Student Seminar Series - May 4, 2006
University of Minnesota
School of Statistics
College of Liberal Arts

Variance Estimation in Complex Survey Data: A Comparative Review and a Bayesian Proposal


Jeremy W. Strief


Thursday, May 4, 2006
9:00 AM, 170 Ford Hall
Minneapolis, East Bank Campus

Refreshments at 8:30 AM
300 Ford Hall


Abstract

In stratified cluster surveys like the U.S. Census Bureau Long Form Report, the probabilities of each person being included in the sample are often unequal. Design-based statisticians would argue that these inclusion probabilities must be considered when estimating population characteristics, such as means, totals, or regression coefficients. Performing inference on the regression coefficients is especially challenging to a design-based statistician, since there exist no closed-form standard errors of the estimated coefficients. Approximations to the standard errors are commonly calculated with tools like Taylor series linearization, the bootstrap, the jackknife, and balanced repeated replication. The model-based perspective considers the finite population as being generated from some statistical model, irrespective of the sampling design.
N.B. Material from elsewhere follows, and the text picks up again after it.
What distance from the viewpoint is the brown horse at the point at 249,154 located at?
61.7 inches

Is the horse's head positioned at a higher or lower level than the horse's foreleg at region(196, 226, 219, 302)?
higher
So the inclusion probabilities have no effect on the estimate of any population quantity. In the case of a simple random sample, model-based standard errors of the regression coefficients may be calculated from standard linear model theory. Mixed-effects models may be applied to more complex survey designs.
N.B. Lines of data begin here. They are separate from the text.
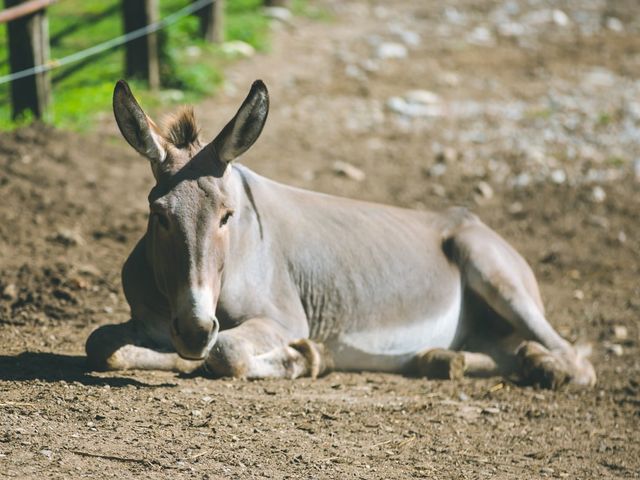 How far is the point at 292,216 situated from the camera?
22.3 feet

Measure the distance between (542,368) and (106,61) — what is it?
764cm

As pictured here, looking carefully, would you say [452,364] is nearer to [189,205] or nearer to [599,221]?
[189,205]

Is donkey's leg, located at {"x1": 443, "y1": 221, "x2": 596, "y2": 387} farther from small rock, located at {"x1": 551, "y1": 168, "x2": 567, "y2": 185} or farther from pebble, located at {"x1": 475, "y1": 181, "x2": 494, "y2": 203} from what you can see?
small rock, located at {"x1": 551, "y1": 168, "x2": 567, "y2": 185}

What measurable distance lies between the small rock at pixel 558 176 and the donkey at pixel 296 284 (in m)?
3.73

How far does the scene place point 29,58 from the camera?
9.70 metres

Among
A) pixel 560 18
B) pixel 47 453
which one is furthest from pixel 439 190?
pixel 560 18

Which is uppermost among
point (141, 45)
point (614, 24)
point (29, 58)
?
point (29, 58)

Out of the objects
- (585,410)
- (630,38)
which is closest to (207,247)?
(585,410)

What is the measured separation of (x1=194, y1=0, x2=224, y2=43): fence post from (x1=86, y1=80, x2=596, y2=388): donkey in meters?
7.16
Our discussion is inspired by the Minnesota Population Center (MPC), an inter-departmental demography research group at the University of Minnesota. The MPC's databases incorporate subsets of the Census Bureau's internal data, but privacy concerns prevent the Census Bureau from releasing stratification information to the MPC. This situation makes the standard design-based and model-based methods difficult to use. The Bayesian perspective on survey sampling, however, can incorporate uncertain stratum membership through use of prior distributions. In particular, we propose an extension of the Polya posterior to the case of stratified, cluster surveys. The Polya posterior will simulate complete copies of the population; by calculating the regression coefficients---or any desired quantity---for each copy, one will obtain a sampling distribution from which variance may be estimated.